Another route would be using our cluster to do the toys. we have lots of cores that aren't doing a whole lot lately. But that would require transferring the minitrees and developing the splitting.

Transferring miniTrees should not be a problem (few 100 GBs).
I think that copying the miniTree in RAM is a good solution and useful both if running at CERN or in UMn

[INFO] Entries: 443707
Real time 0:03:44, CP time 15.200
To load all the events in RAM

A draft of the modified analysis.cpp can be found in branch scalesSmearings
I cannot continue working on that now. Can some continue working on that?
Please follow the instructions in doc/instructions.doc of THAT branch.

Peter could you look into that? (branch scalesSmearings)

Regards,
Sean Kalafut

Physics PhD candidate
University of Minnesota Twin Cities

On Tue, May 17, 2016 at 4:46 PM, shervin86 notifications@github.com wrote:

A draft of the modified analysis.cpp can be found in branch
scalesSmearings
I cannot continue working on that now. Can some continue working on that?
Please follow the instructions in doc/instructions.doc of THAT branch.

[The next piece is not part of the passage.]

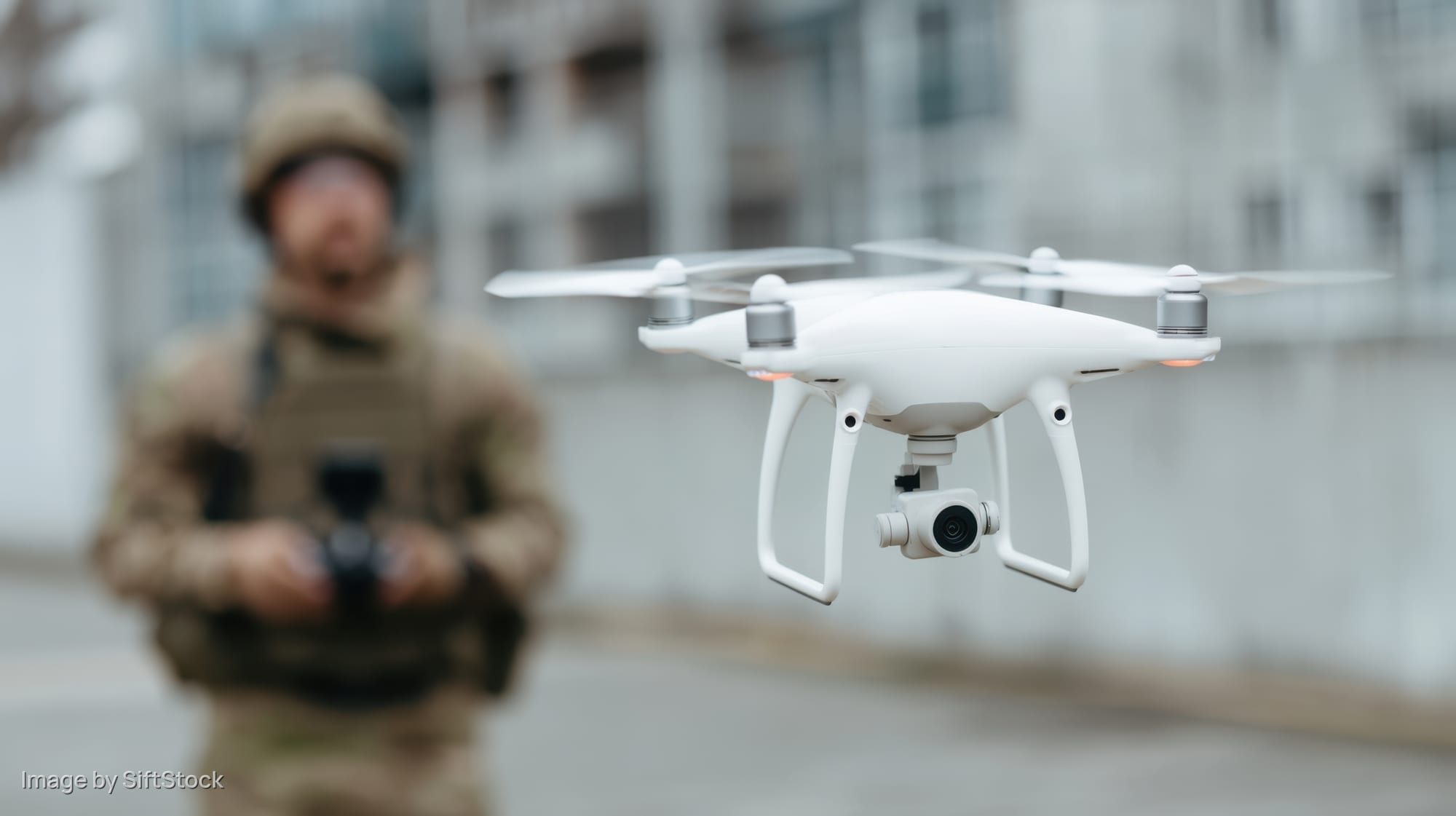 White quadcopter drone hovering in front of a soldier in urban environment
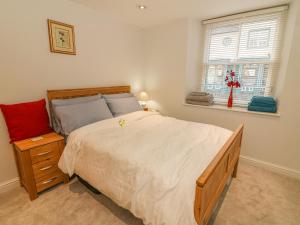 a bedroom with a large bed and a window at Flat 2 Galloway House in Kendal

You are receiving this because you commented.
Reply to this email directly or view it on GitHub
#62 (comment)

Sure. I'll look at it this afternoon.

Here is some summary of tests I ran on some of the largest minitrees. The tag and probe minitrees are larger, but even less pass the Preselect suggested.
Branch:
https://github.com/UMN-CMS/cms-WR/tree/analysis_preselect
Commit:
3a21d51

[INFO] Reading chain for: TTJets_DiLept_v2 miniTree_lowdileptonsideband
Loading events (nEvents = 1302667): [100%]
Real time 0:16:46, CP time 29.520
Processing events (nEvents = 487248): [100%]
Real time 0:00:40, CP time 40.130

Total ram usage was
Maximum resident set size (kbytes): 2049988

[INFO] Reading chain for: DYToEE_powheg miniTree_dytagandprobe
Loading events (nEvents = 20598344): [[100%]Real time 0:18:18, CP time 245.660
Processing events (nEvents = 189312): [100%]Real time 0:00:16, CP time 15.850

Total ram usage was
Maximum resident set size (kbytes): 993296

Great thanks Peter. The TTJets_DiLept_v2 minitrees are some of the
largest, and it is good to know that even the lowdileptonsideband minitree
from that dataset can fit in ~2 GB of ram before preselection.

Regards,
Sean Kalafut

Physics PhD candidate
University of Minnesota Twin Cities

On Tue, May 17, 2016 at 11:51 PM, Peter Hansen notifications@github.com
wrote:

Here is some summary of tests I ran on some of the largest minitrees. The
tag and probe minitrees are larger, but even less pass the Preselect
suggested.
Branch:
https://github.com/UMN-CMS/cms-WR/tree/analysis_preselect
Commit:
3a21d51
3a21d51

[INFO] Reading chain for: TTJets_DiLept_v2 miniTree_lowdileptonsideband
Loading events (nEvents = 1302667): [100%]
Real time 0:16:46, CP time 29.520
Processing events (nEvents = 487248): [100%]
Real time 0:00:40, CP time 40.130

Total ram usage was
Maximum resident set size (kbytes): 2049988

[INFO] Reading chain for: DYToEE_powheg miniTree_dytagandprobe
Loading events (nEvents = 20598344): [[100%]Real time 0:18:18, CP time
245.660
Processing events (nEvents = 189312): [100%]Real time 0:00:16, CP time
15.850

Total ram usage was
Maximum resident set size (kbytes): 993296


You are receiving this because you commented.
Reply to this email directly or view it on GitHub
#62 (comment)

They fit after preselection, not before.